I toss and turn for hours that night, my body wound so tight with desire that sleep seems impossible. When I finally fall into the dark oblivion, it’s to a new kind of torment. Dreams of him, of us together, bodies entwined and gasping, lips searching in the night. I wake at dawn, restless and unsatisfied, blushing from the explicit images still flashing in my mind.

If this was his plan to distract me from heartache, it’s working. Everything I left behind in the city seems hazy and out of focus like a distant dream.

I toss the covers aside. Sunrise is flooding through the huge windows, just the way Dex promised, and outside, the view is breathtaking. The beach is a haven of stillness and tranquility. Just what I need. I pull on some pants and a sweater and slide the glass panel aside, grabbing my phone before I step outside. I head down the deck steps and across the sand towards the water, leaving the house behind.

The beach is empty, save a flock of seagulls swooping and circling overhead as I stroll along the shoreline, just out of reach of the foamy surf. The wet sand is cool under my bare feet, and I breathe deeply to center myself, trying to find some sense of balance again after the past twenty-four hours have sent me spinning off-center.

I don’t know how to process this.

My reaction to Dex is like nothing I’ve ever felt before. It’s the reason I stayed away from him for months—and the reason I’m here now. The intensity of our chemistry is overwhelming, and part of me wonders if this is all a terrible mistake.

Surely something so reckless and wild can’t be good for me.

Maybe a little bad is just what you need, a voice in my head reminds me. My stomach twists at the memory of Dex in the darkness last night. That spark of rebellion, the recklessness that shimmered in my veins. It’s different from everything I’ve ever told myself about attraction. Even before Hunter, I was always drawn to good guys: solid and dependable, men who would make good husbands and fathers. Boys who would never let me down.

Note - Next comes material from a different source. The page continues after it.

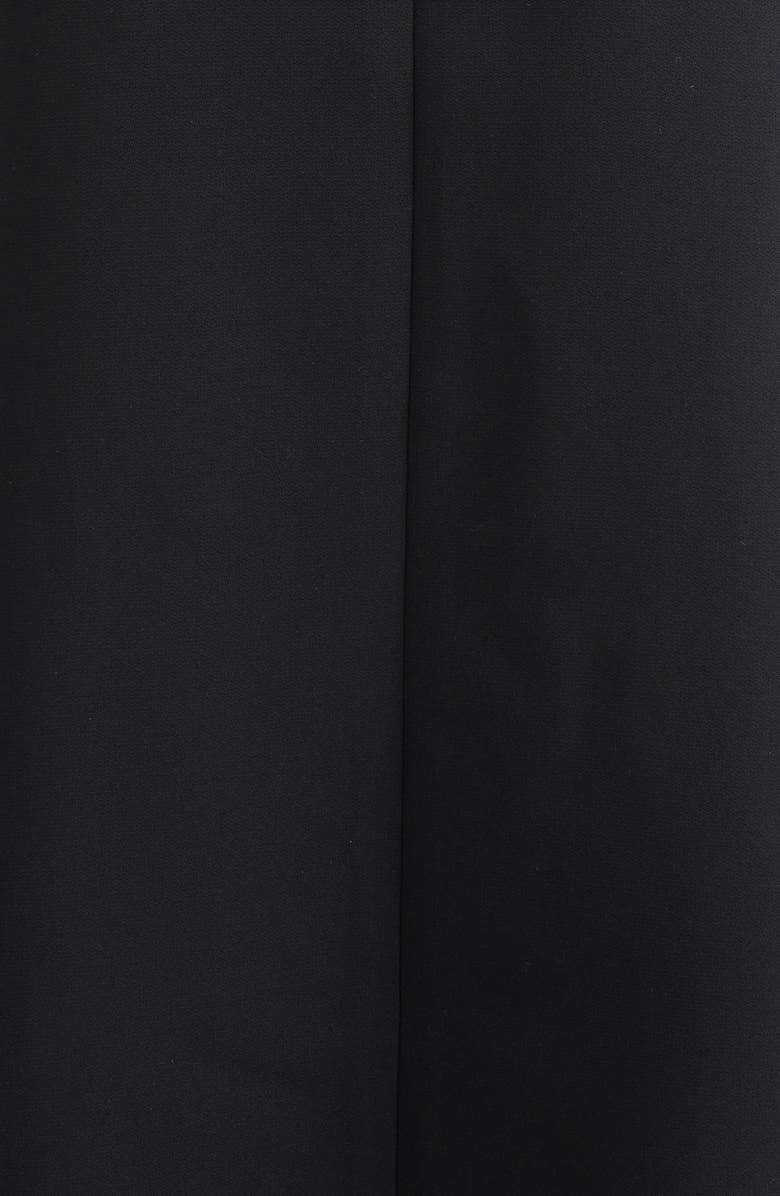 Carolina Herrera Embroidered Bateau Neck Midi Dress, Alternate, color, Black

But Dex…Lord, that man is trouble, with a capital T on a flashing neon sign. There’s no chance of a future here, not with a rock star on the run from his own troubled demons. I’ll be lucky to make it to the end of the week, at the rate we’re burning up with passion.

But I’m not here for a future, I’m here to forget my past. So why not go down in a flame of glory?

I exhale, watching the ocean roll in and out in a comforting rhythm. I’ve always done this: analyzed every moment of my life, thought about the consequences of every little decision so much that before I know it, the chance has already passed me by. Dex’s kiss last night was so intoxicating because for once, I felt whole—my body and mind perfectly aligned in desire, no push-back or conflict between them. There’s no time to weigh my decisions and think about the future, not with every nerve and synapse screaming to life from his touch.

With Dex, the only thing that matters is this very moment—right now, the two of us—and if I let myself admit it, it’s thrilling, to let go of everything like that. To finally be free from the voice of reason that’s dominated my choices all my life.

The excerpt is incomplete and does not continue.